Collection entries
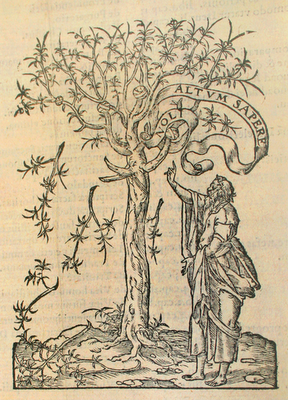 A fa, a könyv és Erasmus - Laudator temporis acti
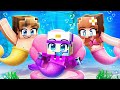 Adopting MERMAID DASH In Minecraft Adopting MERMAID DASH In Minecraft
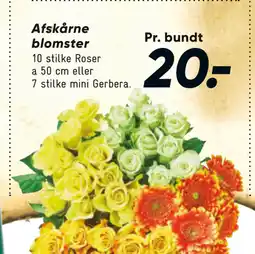Bilka Afskårne blomster tilbud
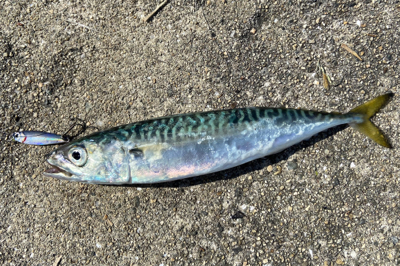 ULSJでサバサバ^_^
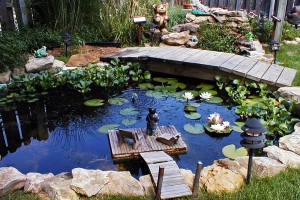 Пруд на даче своими руками: обустраиваем красивый участок самостоятельно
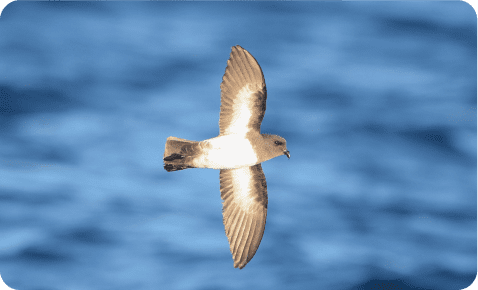 Threatened Species Plans (RECOGE)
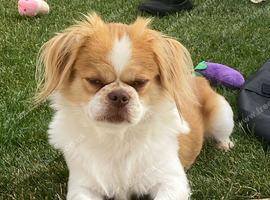 Japanese Chin Cross with a Shituz Male 13 Months Old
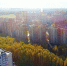 "Оставьте нам рощу!" - Экооборона Московской области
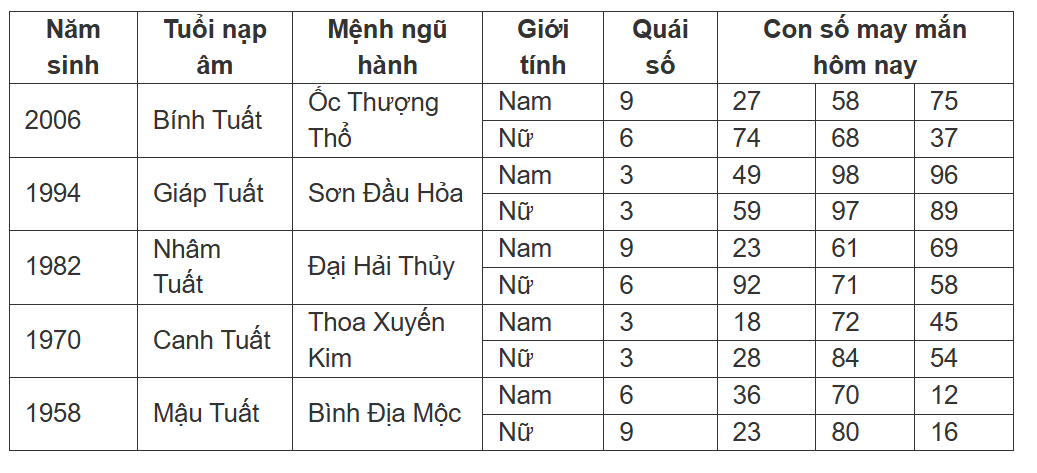 Hình ảnh 11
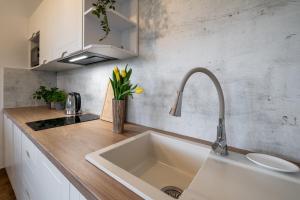 a kitchen with a sink and a counter top at Biała Owca in Biały Dunajec +26 photos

#### [Task prompt]
Return all the data above as written, leaving out only the pictures.

#### [Your solution]
 A fa, a könyv és Erasmus - Laudator temporis acti
 Adopting MERMAID DASH In Minecraft Adopting MERMAID DASH In Minecraft
Bilka Afskårne blomster tilbud
 ULSJでサバサバ^_^
 Пруд на даче своими руками: обустраиваем красивый участок самостоятельно
 Threatened Species Plans (RECOGE)
 Japanese Chin Cross with a Shituz Male 13 Months Old
 "Оставьте нам рощу!" - Экооборона Московской области
 Hình ảnh 11
 a kitchen with a sink and a counter top at Biała Owca in Biały Dunajec +26 photos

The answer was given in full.